On Tue, May 3, 2011 at 1:30 AM, Guillem Jover <guillem@debian.org> wrote:
> Hi!
> On Fri, 2011-04-29 at 11:03:39 -0500, Dustin Kirkland wrote:
>> Once integrated with dpkg, I'd like dotdee to be a utility that human
>> system administrators could run to manually turn a generic conffile
>> into a ".d" style configuration directory, such that they could append
>> their own changes to some numbered file in the dotdee directory, avoid
>> the interactive dpkg-conffile-changed prompts.
> This does not take into account admins dropping the file under the
> directory and then the package picking up the new file automatically,
> they have to generate it manually afterwards. You mention apache, and
> its framework (another good example is pam), but I don't think that
> much is usually needed, just having the application support .d config
> directories should be enough, and that usually implies less than around
> 50 lines of C. This also benefits upstream and all its downstreams,
> and people building directly from sources. Also this implies the
> configuration file cannot be directly edited, and if done so the
> changes will get lost on the next regeneration.
> As a counter example, a package that provides something similar to
> dotdee, there's exim4. And while I think the efforts by their
> maintainers to provide a more manageable way to configure it are
> worthwhile, it's also one of the reasons I always use the user managed
> single concatenated file. It's too annoying modifying a file and
> forgetting to run update-exim4.conf.

Postfix, too.  I am certainly familiar with this problem :-)

> At some point in the future I
> should just sit down and propose a patch for native .d support.

I've had that feeling, I know.  And I'm feeling that way about more
and more and more utilities.  I just don't think I, you, or any of us
is going to actually getting around to "fixing" every service to
support a .d style configuration structure.

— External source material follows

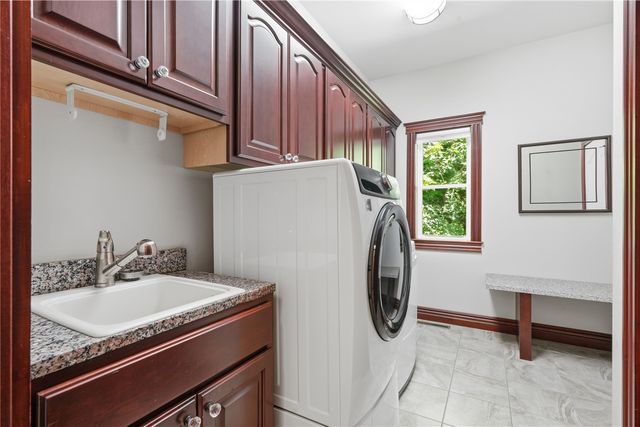 838 Augusta Court SE, Cedar Rapids, IA 52302
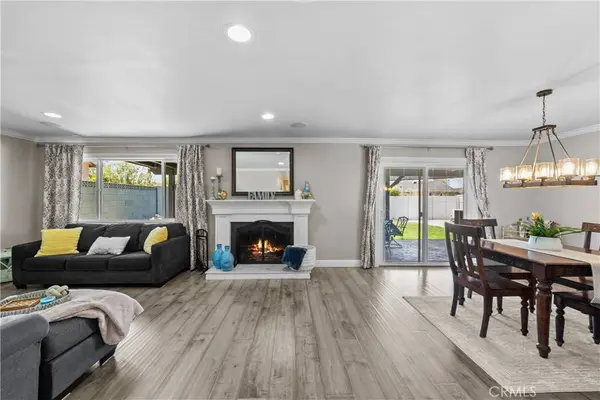 27933 Honeycomb, Saugus, CA 91350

And that's at the crux of this discussion (whether it's dotdee that
solves this, or something else completely different).  I'm
wondering/hoping/thinking about other ways we could approach this
problem, as a distribution, and talking to you, the maintainers of the
dpkg system itself.  The landscape has changed quite a bit since the
original dpkg configuration file management policies were written.
 a) there's what, 20K or 30K packages in Debian now?
 b) people are deploying 10s of thousands of "managed" Debian and
Ubuntu servers in clouds, grids, and other data centers
 c) these systems are managed by things like puppet, chef, and other
management systems, above and beyond individual package management

> In addition the combination of "diverting" the conffile, merging it
> back by a tool, and then using alternatives, seems pretty convoluted
> and a quite possible source of confusion and fragility.

Agreed, especially in the near term, it will be confusing to some.

The update-alternative part of dotdee's implementation is not entirely
necessary.  It was simply used to make the alternatives discoverable,
and to manage the symlinks themselves in a well defined manner.

Further out, though, I think there's ample opportunity for
documentation and education.

>> More importantly, I would like one package's postinst maintainer
>> script to be able take another package that it depends upon and turn
>> its conffile into a dotdee managed file, such that it could append or
>> prepend configuration information necessary for proper operation.
>> This, of course, would require significant buy-in from Debian, and
>> entail various appropriate policy updates.
> That in essence is just diverting conffiles, and I think it's at least
> for distributions a bad idea, for personal use I don't see any problem
> with it though. If a package needs to modify the behaviour of another
> one it should do it in concordance with the other package, and not
> under its feet. Usually in that case the package provides an interface
> to modify the configuration file, or provides a .d config directory.
> That should currenty be described already in policy.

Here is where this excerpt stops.